Although Java has an associated Hot-Java browser, the software is seen as complementary to well-established browsers from Netscape, Spyglass and others. In December, Netscape and Sun Microsystems Inc. announced a simpler "Java- Script" version of Java for cross-platform scripting. Java-capable products are due in 1996. Oracle, Sybase, IBM and others have licensed Java technology. In December Lotus Development Corp., Cambridge, Mass., announced that its Notes Release 4 server will natively support Java technology.
Microsoft Corp. recently endorsed use of Java, at the same time that it announced its own Visual Basic Script for "providing business object extensions to World Wide Web applications." This script, Microsoft asserted, also facilitates integration into existing corporate systems. Sun and Microsoft have been in negotiations that reportedly may lead to an official Windows-version of Java.
Java can even be used to develop Corba-compliant applications over the Internet, according to Post Modern Computing, based in Mountain View, Calif. The company just announced Black Widow, an object request broker (ORB) that connects Corba applets to the Web.
Black Widow automatically generates the code required for client-and server-side Java applications. In addition, says its creator, it can use Corba services to ensure continuous availability of Web servers. Another use: helping companies connect to legacy applications over the Internet using object wrappers.
"I think Java has a really good shot at being the default standard," said Jens Christensen, Post Modern president and CEO, "especially now that Microsoft has licensed it."
Moves by Computer Associates International, VMark and others indicate that the real power of software like Java may be discovered as it is extended to manage and distribute applications over the Internet.
"Most vendors are moving towards an approach where you can do centralized management and licensing from a central plane, so you never have to know your application has been updated," said Be-atriz Infante, vice president, Oracle's Open Systems Division, speaking at the recent Softwarevision Conference sponsored by Price Waterhouse.
Many suspect that Microsoft decided to change strategies because its proprietary approach was out of sync in an Internet world created by open standards. Also, the company's plans to rule the Internet desktop have been thwarted in the wake of superior Internet browser products such as Netscape Navigator. In fact, 70% of Windows 95 users have skipped Microsoft's Internet Explorer in favor of other Internet browsers, despite the fact that Internet Explorer comes free with Windows 95.
To speed development of Internet applications, Microsoft is going after the audience it knows and loves: an estimated three million Visual Basic program- mers. Visual Basic Script is a scripting language designed to create active content on the World Wide Web. The tool enables developers to automate objects within Web pages using OLE objects and applets created with Java.
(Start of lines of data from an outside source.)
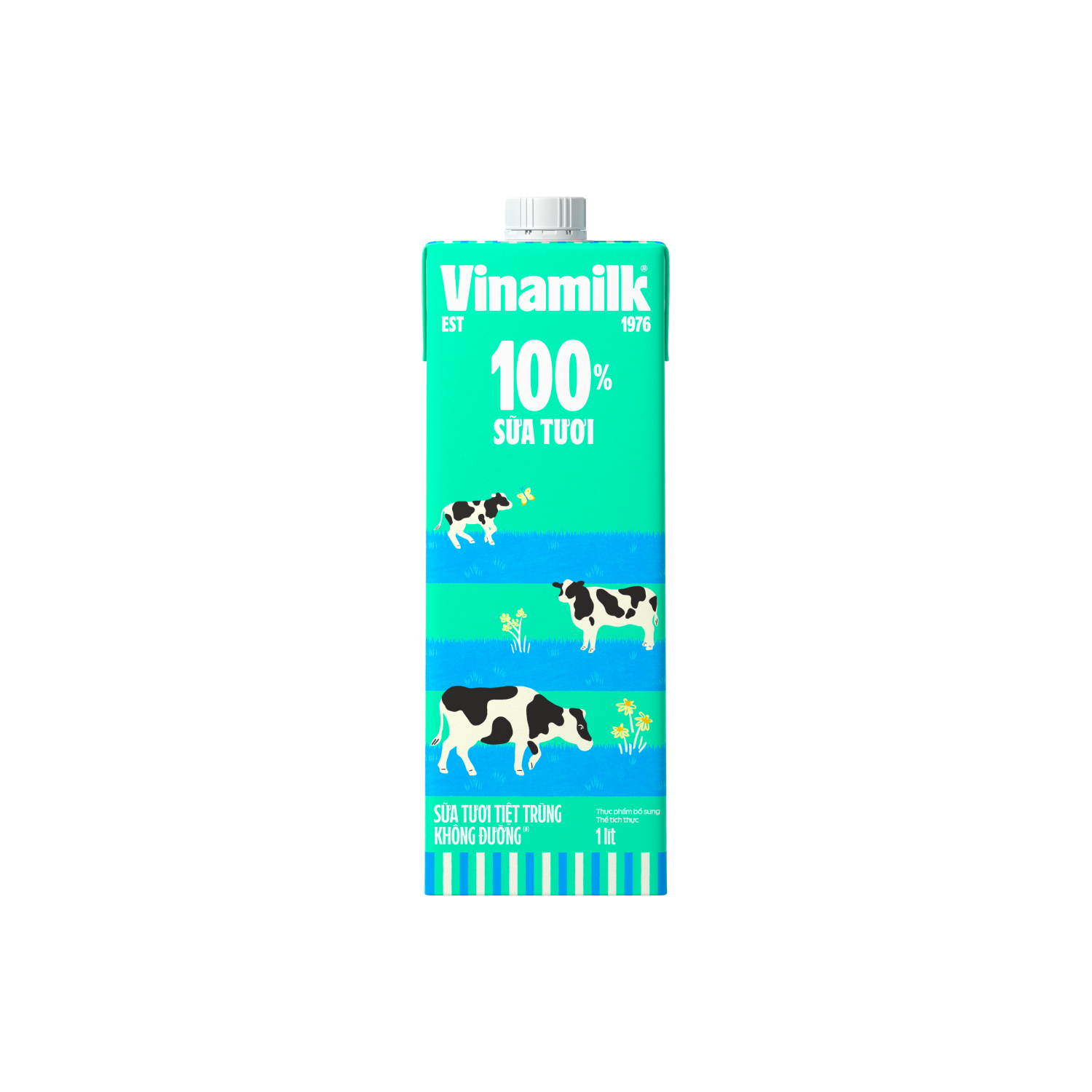 Thùng 12 Hộp Sữa Tươi Tiệt Trùng Vinamilk 100% Không Đường (1L)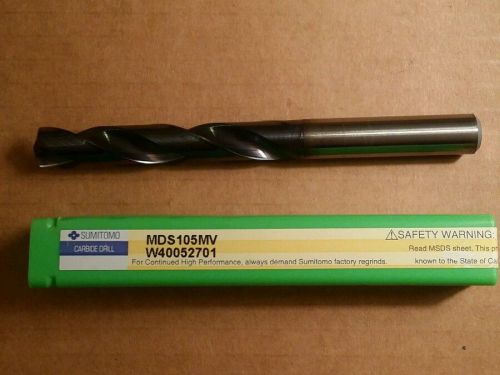 Brand New Sumitomo MDS105MV (.4134) Carbide Drill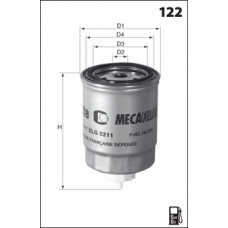 LFDS195 LUCAS FILTERS Топливный фильтр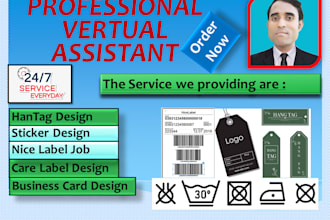 be your professional virtual designer for hangtag, sticker,nice label,care label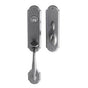 Bouvet - Entrance Handle Set - Trim set without mechanism - Pewter 012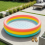 Inflatable Kids Pool, 114x25 cm, Rainbow, 3 Rings 7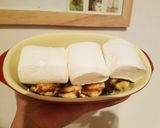 バナナチョコの幸せマシュマログラタン♪作り方1写真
Microsoft is licensing Visual Basic Script to application browser and tool vendors at no charge. In addition, it is presenting the tool to the Internet Engineering Task Force and the W3 Consortium, which create Web standards. Microsoft is also posting a source reference implementation on the Internet so third parties can port it to other platforms.
Philippe Kahn, chief executive officer of Starfish Software, commented on Microsoft's strategy during the Softwarevision conference. "We have the biggest paradigm shift since the PC, and that is a new infrastructure. What is good is that we now know we will have industry standards that will be driven through open competition." The PC will no longer serve for mere document creation, said Kahn. It will become a true personal communicator.